WORKING DATA: Begin
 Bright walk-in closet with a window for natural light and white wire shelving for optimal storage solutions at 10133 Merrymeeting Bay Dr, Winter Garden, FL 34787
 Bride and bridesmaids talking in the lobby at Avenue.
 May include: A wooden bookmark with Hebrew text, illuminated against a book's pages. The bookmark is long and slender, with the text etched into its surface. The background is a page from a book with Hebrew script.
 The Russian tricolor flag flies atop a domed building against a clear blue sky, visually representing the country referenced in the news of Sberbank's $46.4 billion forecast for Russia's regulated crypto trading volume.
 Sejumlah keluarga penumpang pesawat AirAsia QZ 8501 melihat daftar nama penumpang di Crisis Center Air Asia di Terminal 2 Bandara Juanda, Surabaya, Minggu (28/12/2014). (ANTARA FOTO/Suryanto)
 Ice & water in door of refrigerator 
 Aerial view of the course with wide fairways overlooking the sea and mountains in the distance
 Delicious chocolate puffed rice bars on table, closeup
WORKING DATA: End
WORKING DATA: Begin
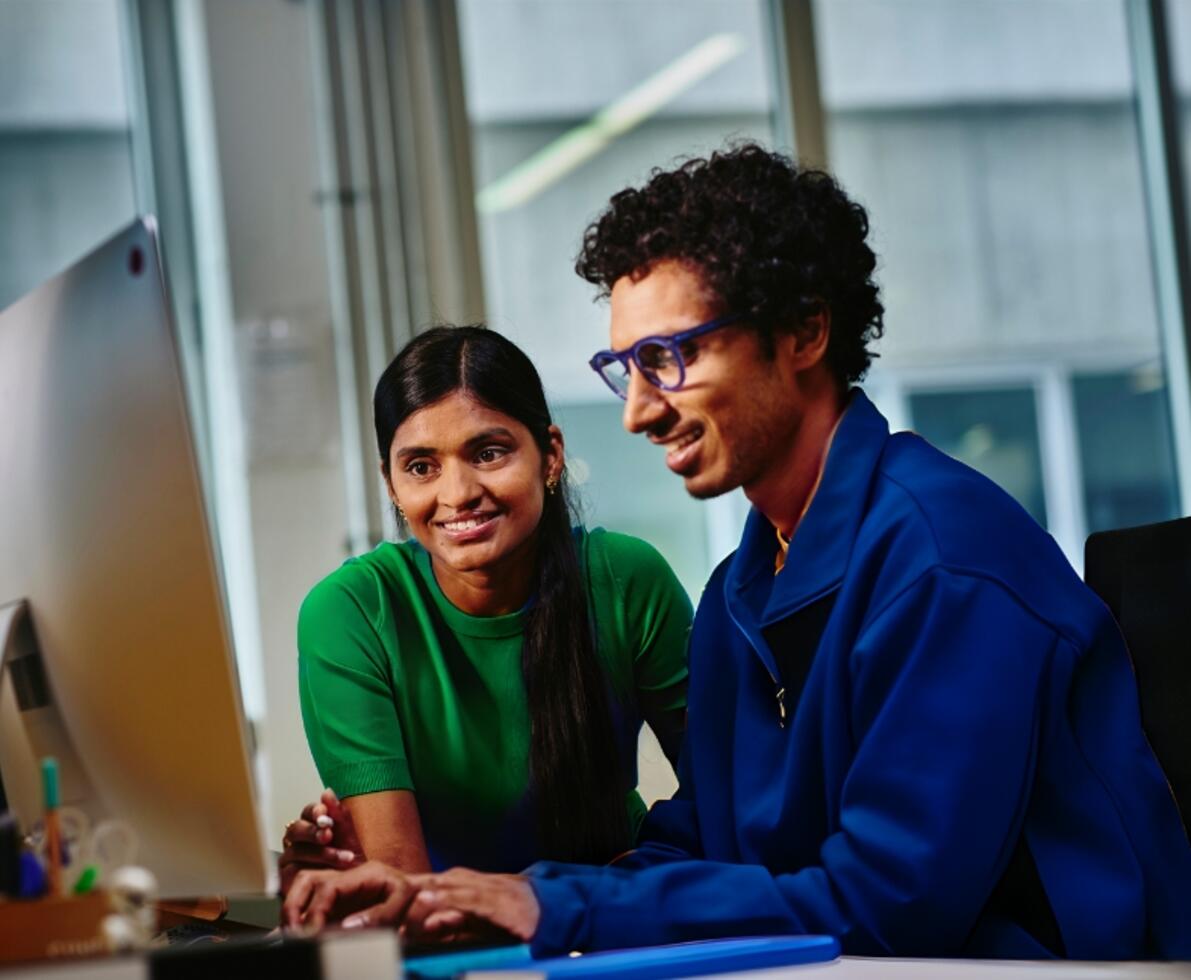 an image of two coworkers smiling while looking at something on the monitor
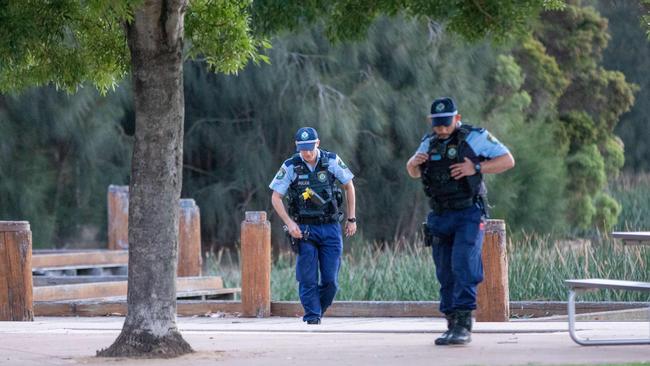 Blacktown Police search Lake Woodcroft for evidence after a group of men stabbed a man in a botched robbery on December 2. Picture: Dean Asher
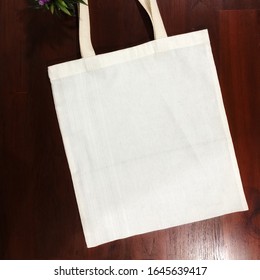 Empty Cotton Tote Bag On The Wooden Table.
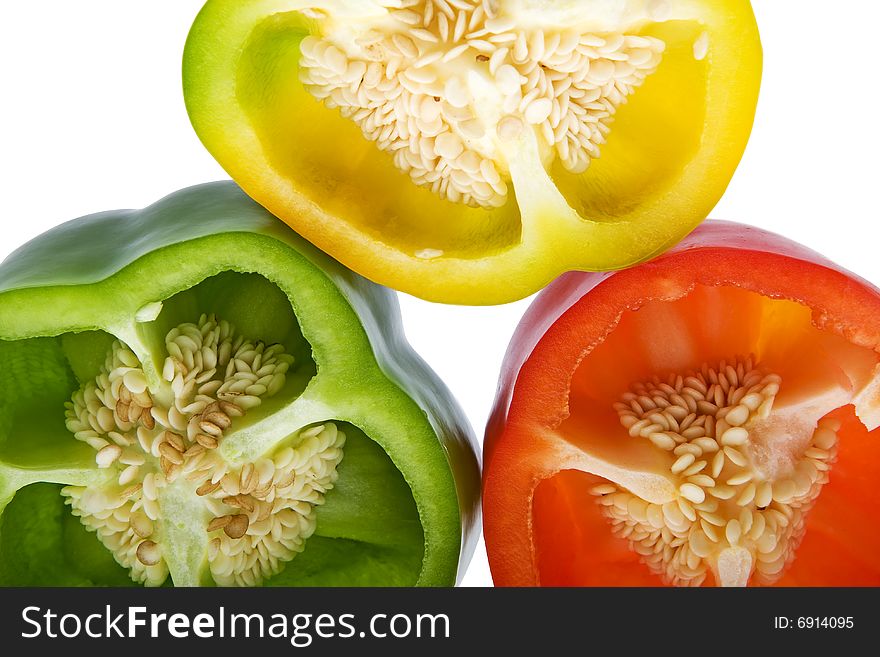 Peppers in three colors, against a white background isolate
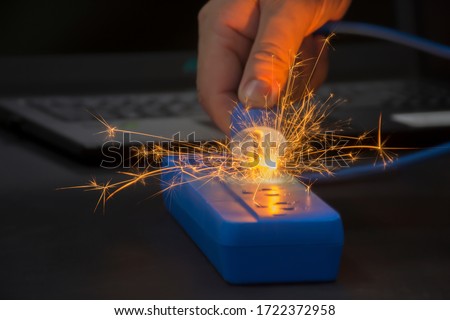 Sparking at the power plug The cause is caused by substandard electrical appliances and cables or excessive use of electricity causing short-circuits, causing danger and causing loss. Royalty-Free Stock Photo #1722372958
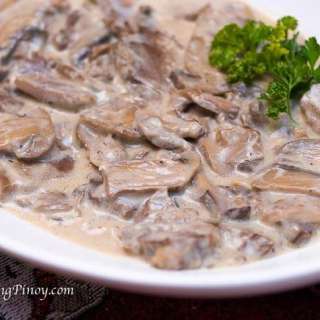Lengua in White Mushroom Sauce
WORKING DATA: End
WORKING DATA: Begin
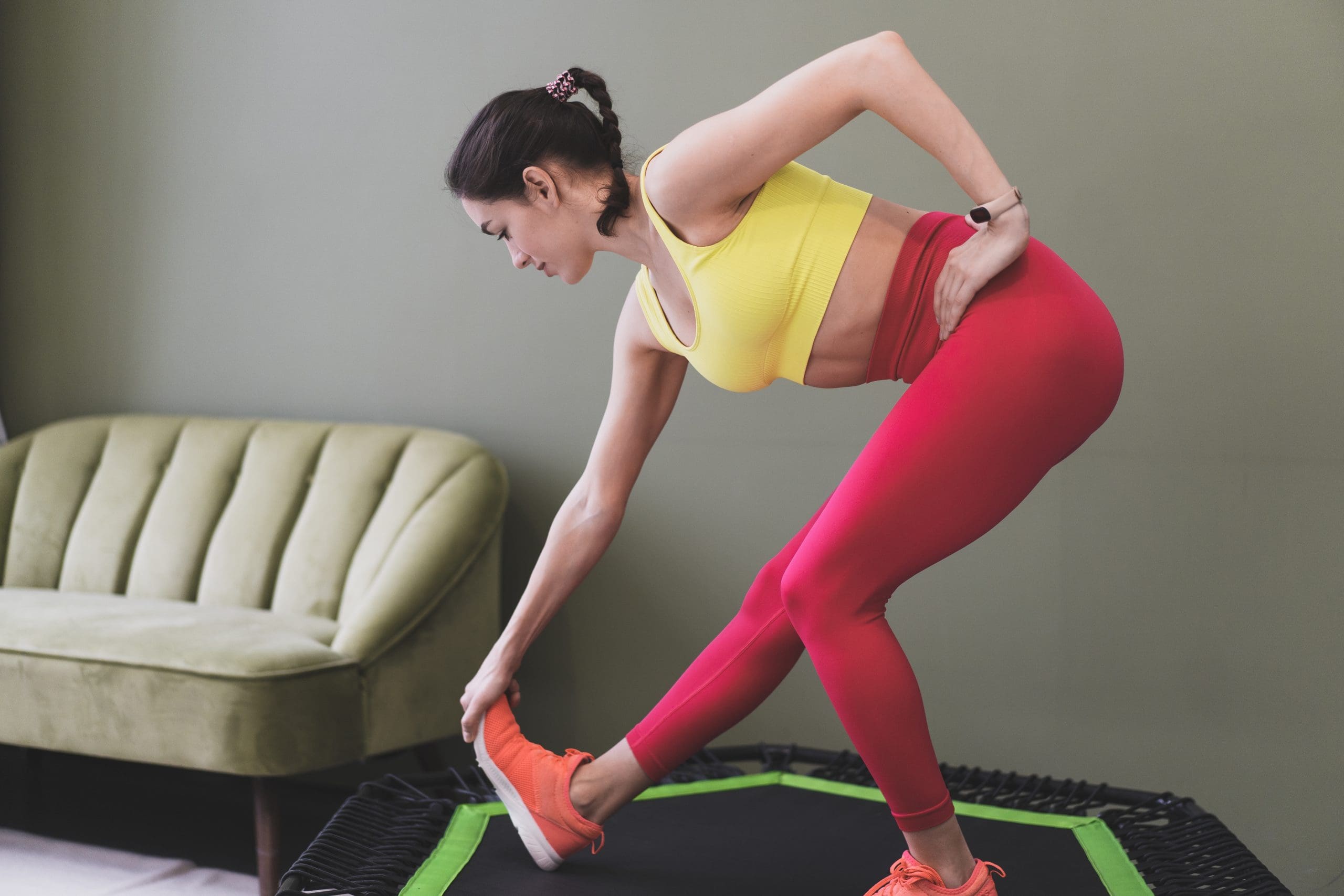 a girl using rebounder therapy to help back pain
WORKING DATA: End
*EXERCISE REQUIREMENTS:* When you reach the line holding "Peppers in three" in the listing above, begin retyping exactly, and stop once the line holding "Lengua in White Mushroom Sauce" is done; pictures stay out.

*OUTPUT BELOW:*
 Peppers in three colors, against a white background isolate
 Sparking at the power plug The cause is caused by substandard electrical appliances and cables or excessive use of electricity causing short-circuits, causing danger and causing loss. Royalty-Free Stock Photo #1722372958
Lengua in White Mushroom Sauce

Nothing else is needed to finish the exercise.